**Exercise**. All of the records below are to be given again word for word, with the pictures removed.

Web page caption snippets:
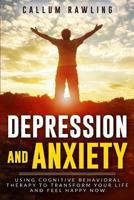 Depression and Anxiety: Using Cognitive Behavioral Therapy To Transform Your Life And Feel Happy Now 1986466612 Book Cover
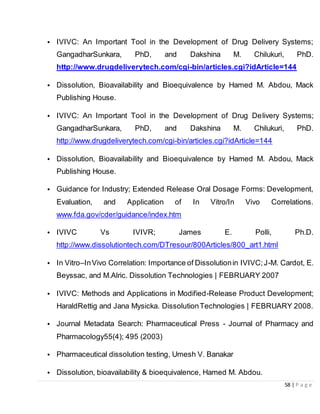58 | P a g e
• IVIVC: An Important Tool in the Development of Drug Delivery Systems;
GangadharSunkara, PhD, and Dakshina M. Chilukuri, PhD.
http://www.drugdeliverytech.com/cgi-bin/articles.cgi?idArticle=144
• Dissolution, Bioavailability and Bioequivalence by Hamed M. Abdou, Mack
Publishing House.
• IVIVC: An Important Tool in the Development of Drug Delivery Systems;
GangadharSunkara, PhD, and Dakshina M. Chilukuri, PhD.
http://www.drugdeliverytech.com/cgi-bin/articles.cgi?idArticle=144
• Dissolution, Bioavailability and Bioequivalence by Hamed M. Abdou, Mack
Publishing House.
• Guidance for Industry; Extended Release Oral Dosage Forms: Development,
Evaluation, and Application of In Vitro/In Vivo Correlations.
www.fda.gov/cder/guidance/index.htm
• IVIVC Vs IVIVR; James E. Polli, Ph.D.
http://www.dissolutiontech.com/DTresour/800Articles/800_art1.html
• In Vitro–InVivo Correlation: Importance of Dissolutionin IVIVC;J-M. Cardot, E.
Beyssac, and M.Alric. Dissolution Technologies | FEBRUARY 2007
• IVIVC: Methods and Applications in Modified-Release Product Development;
HaraldRettig and Jana Mysicka. DissolutionTechnologies | FEBRUARY 2008.
• Journal Metadata Search: Pharmaceutical Press - Journal of Pharmacy and
Pharmacology55(4); 495 (2003)
• Pharmaceutical dissolution testing, Umesh V. Banakar
• Dissolution, bioavailability & bioequivalence, Hamed M. Abdou.
 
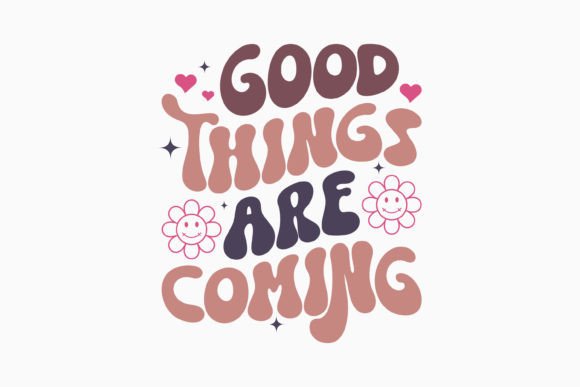 Retro Mental Health Quote SVG Good Thing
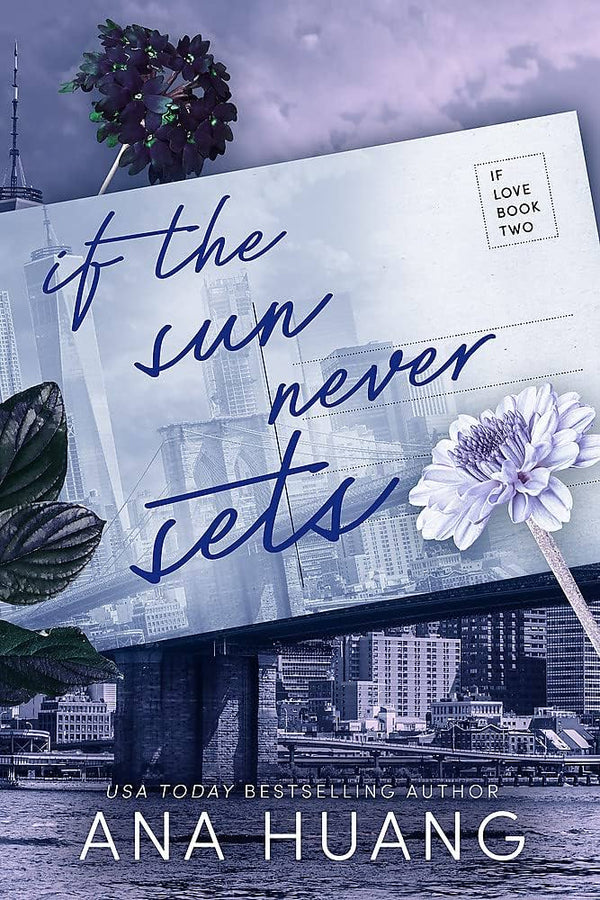 If the Sun Never Sets Book by Ana Huang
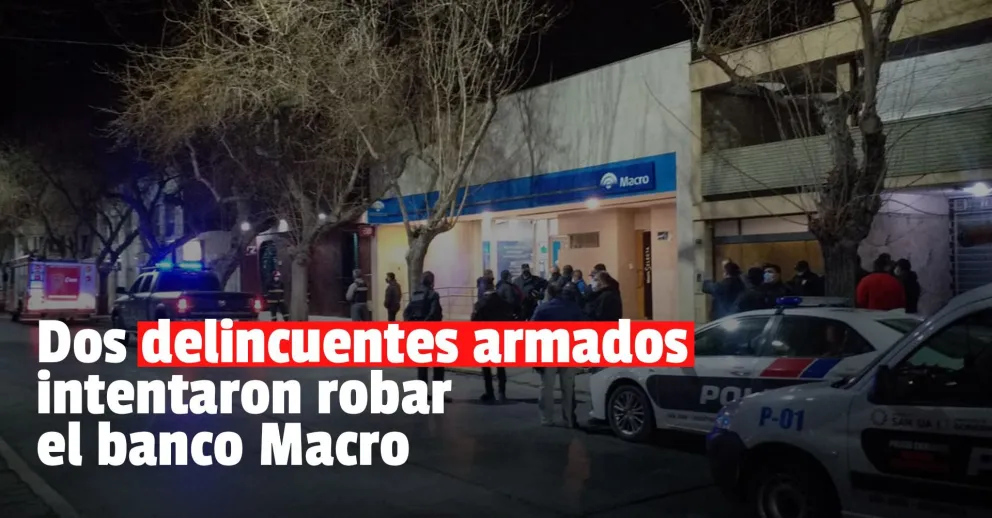 Intentaron robar el banco Macro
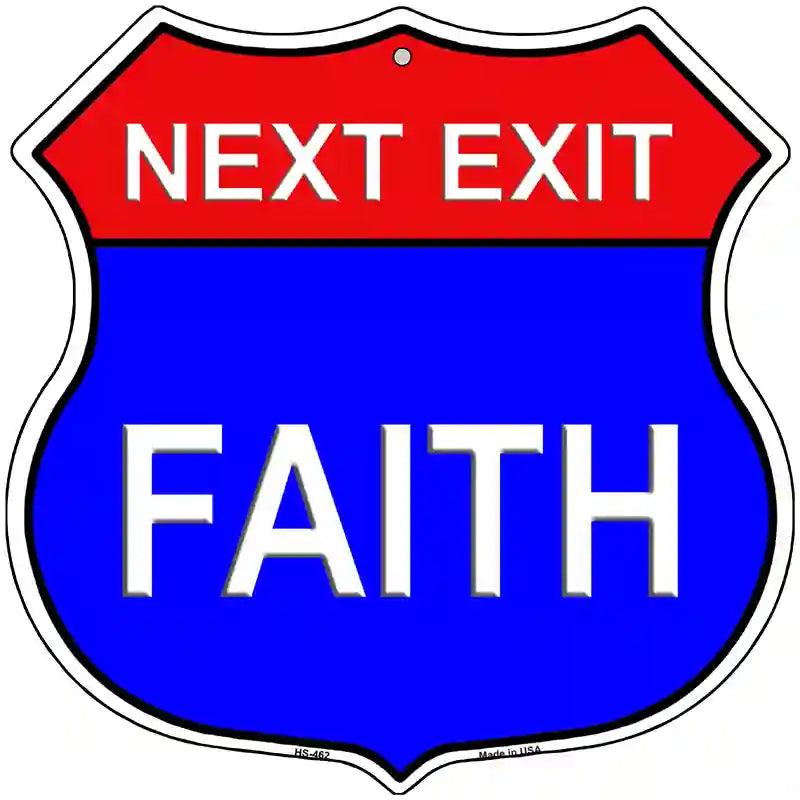 Next Exit Faith Highway Shield Metal Sign 12" (HS)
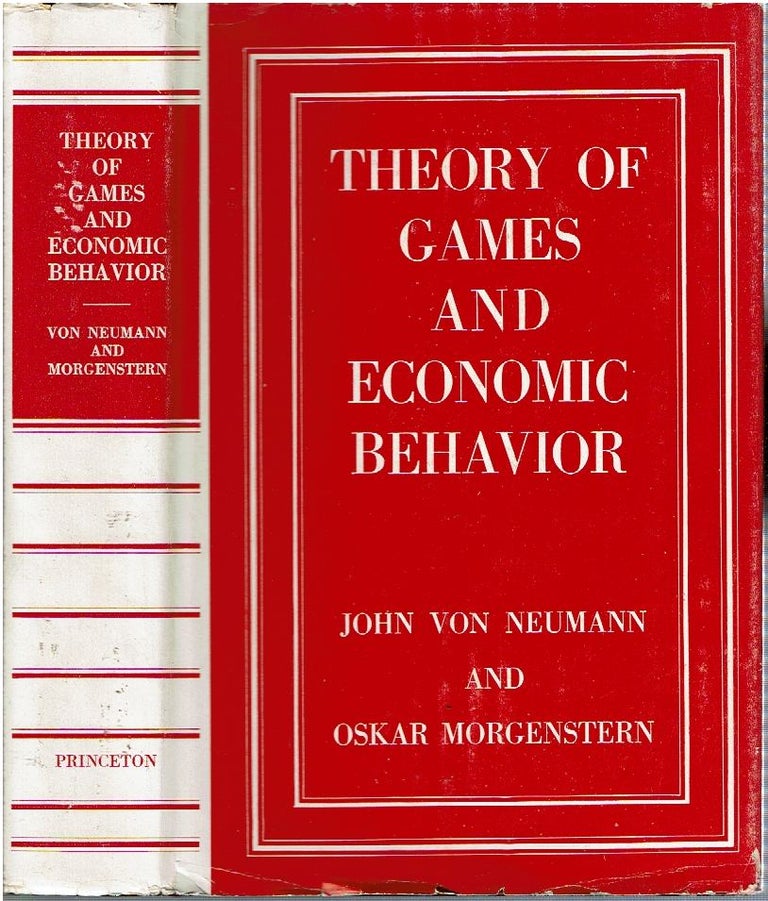 Item #14632 Theory of Games and Economic Behavior. John Von Neumann, Oskar Morgenstern.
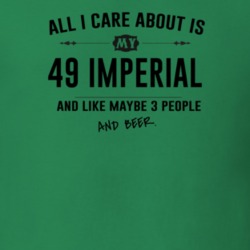 All I Care About Is My 49 Imperial And Beer Funny T Shirt
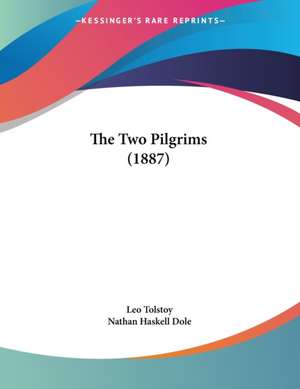 The Two Pilgrims (1887) de Leo Tolstoy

**Solution to the exercise**.
 Depression and Anxiety: Using Cognitive Behavioral Therapy To Transform Your Life And Feel Happy Now 1986466612 Book Cover
58 | P a g e
• IVIVC: An Important Tool in the Development of Drug Delivery Systems;
GangadharSunkara, PhD, and Dakshina M. Chilukuri, PhD.
http://www.drugdeliverytech.com/cgi-bin/articles.cgi?idArticle=144
• Dissolution, Bioavailability and Bioequivalence by Hamed M. Abdou, Mack
Publishing House.
• IVIVC: An Important Tool in the Development of Drug Delivery Systems;
GangadharSunkara, PhD, and Dakshina M. Chilukuri, PhD.
http://www.drugdeliverytech.com/cgi-bin/articles.cgi?idArticle=144
• Dissolution, Bioavailability and Bioequivalence by Hamed M. Abdou, Mack
Publishing House.
• Guidance for Industry; Extended Release Oral Dosage Forms: Development,
Evaluation, and Application of In Vitro/In Vivo Correlations.
www.fda.gov/cder/guidance/index.htm
• IVIVC Vs IVIVR; James E. Polli, Ph.D.
http://www.dissolutiontech.com/DTresour/800Articles/800_art1.html
• In Vitro–InVivo Correlation: Importance of Dissolutionin IVIVC;J-M. Cardot, E.
Beyssac, and M.Alric. Dissolution Technologies | FEBRUARY 2007
• IVIVC: Methods and Applications in Modified-Release Product Development;
HaraldRettig and Jana Mysicka. DissolutionTechnologies | FEBRUARY 2008.
• Journal Metadata Search: Pharmaceutical Press - Journal of Pharmacy and
Pharmacology55(4); 495 (2003)
• Pharmaceutical dissolution testing, Umesh V. Banakar
• Dissolution, bioavailability & bioequivalence, Hamed M. Abdou.
 
 Retro Mental Health Quote SVG Good Thing
 If the Sun Never Sets Book by Ana Huang
 Intentaron robar el banco Macro
 Next Exit Faith Highway Shield Metal Sign 12" (HS)
 Item #14632 Theory of Games and Economic Behavior. John Von Neumann, Oskar Morgenstern.
 All I Care About Is My 49 Imperial And Beer Funny T Shirt
 The Two Pilgrims (1887) de Leo Tolstoy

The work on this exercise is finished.